Exercise inputs —
BEGIN

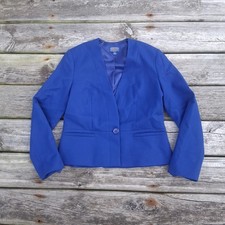 Pendleton 100 Wool Blazer 10 P Tailored Quiet Luxury Dark Academia Old Money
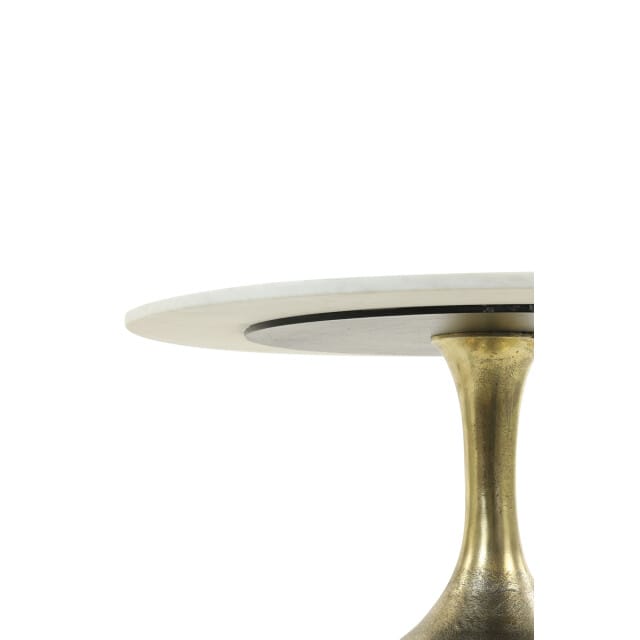 Light & Living - Salontafel RICKERD - Ø76x36cm - Wit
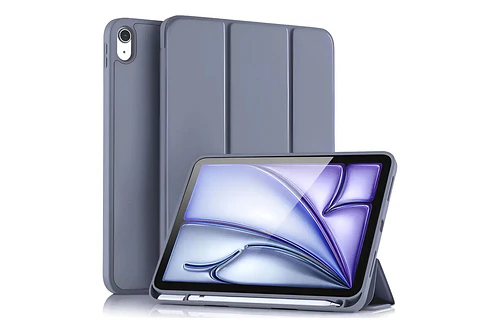 Funda Smart Case Para Ipad Air 11 M4 Chip (2026) A3459 A3460 A3463 Acero
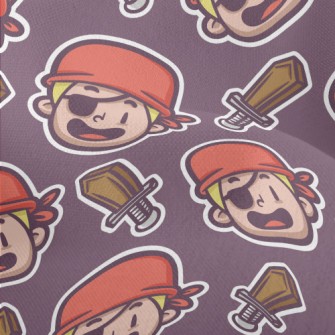 One-eyed Turban Pirate Lightweight Performance Linen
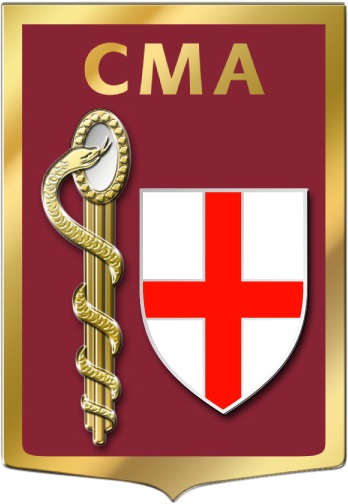 Coat of arms (crest) of the Armed Forces Military Medical Centre Calvi, France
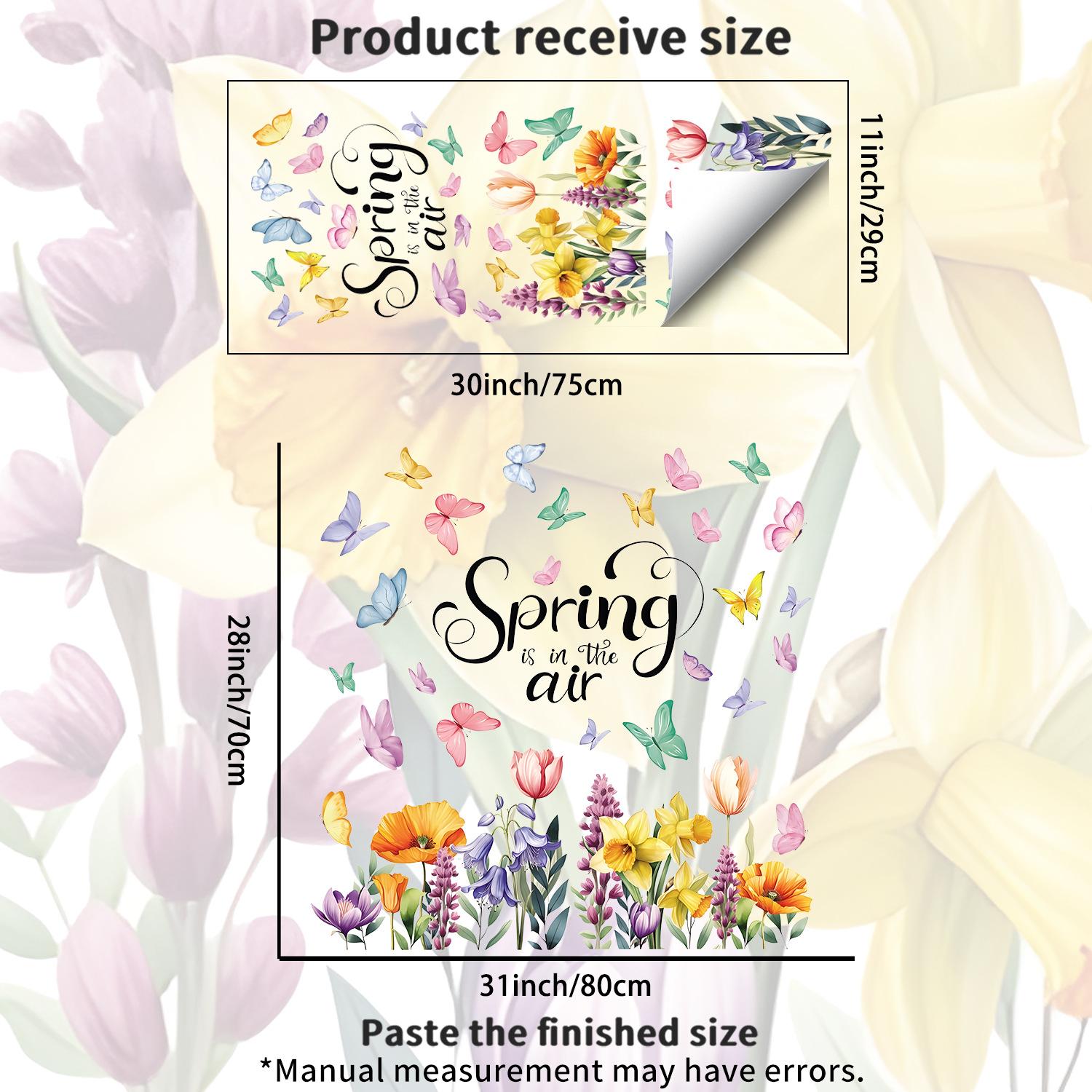 

Colorful Butterfly Window Stickers for Bedrooms, Living Rooms, Balconies and Bathrooms To Beautify Windows JDT-A555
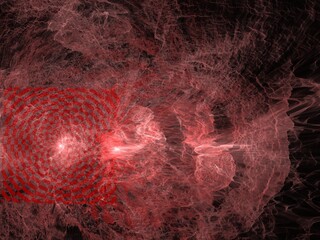 Imaginatory fractal background Image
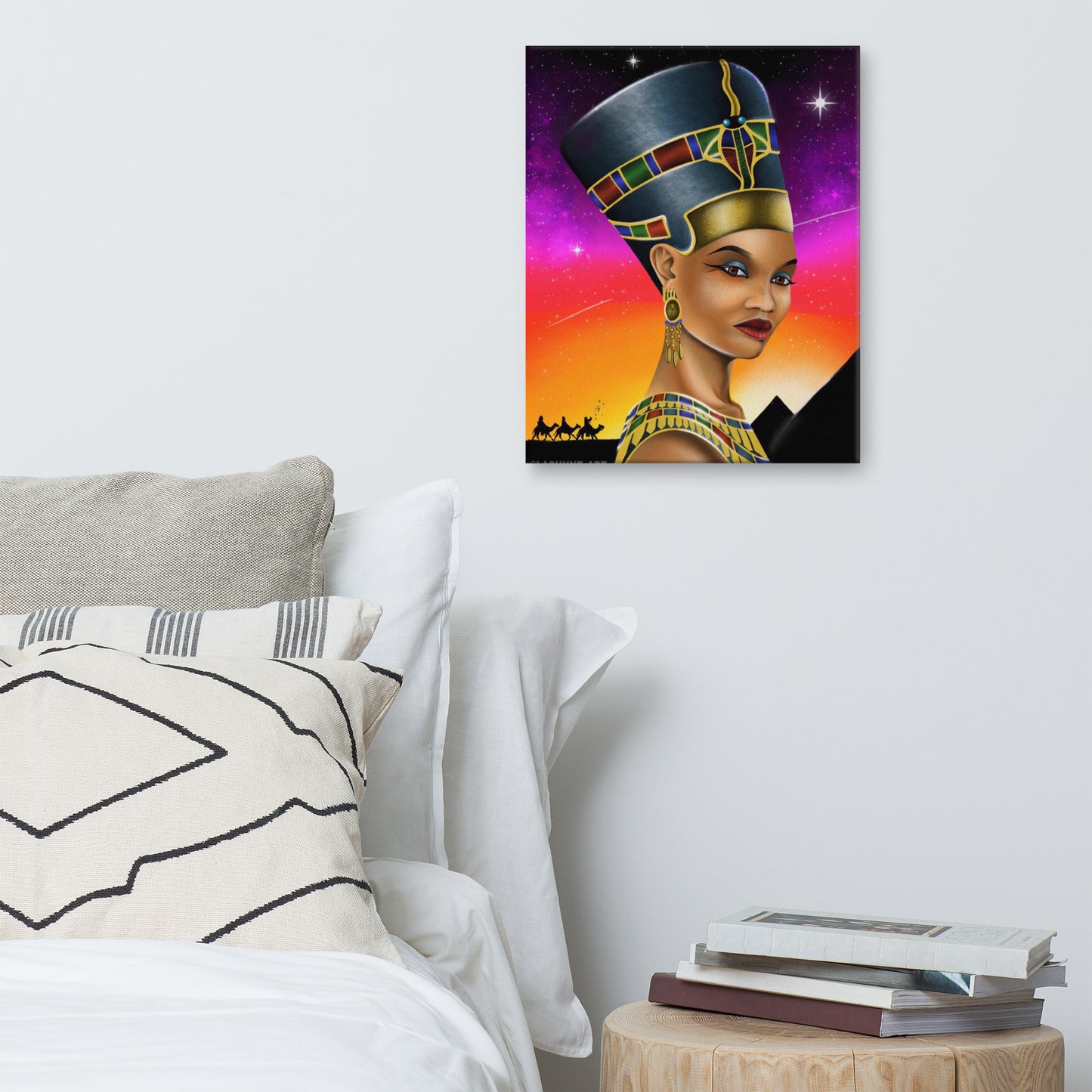 LASHUNE ART Nefertiti Canvas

END

Task statement —
Output only the lines above from the line that holds "Light & Living" through the line that holds "Coat of arms", both ends included, and exclude pictures.

Task solution —
 Light & Living - Salontafel RICKERD - Ø76x36cm - Wit
 Funda Smart Case Para Ipad Air 11 M4 Chip (2026) A3459 A3460 A3463 Acero
 One-eyed Turban Pirate Lightweight Performance Linen
 Coat of arms (crest) of the Armed Forces Military Medical Centre Calvi, France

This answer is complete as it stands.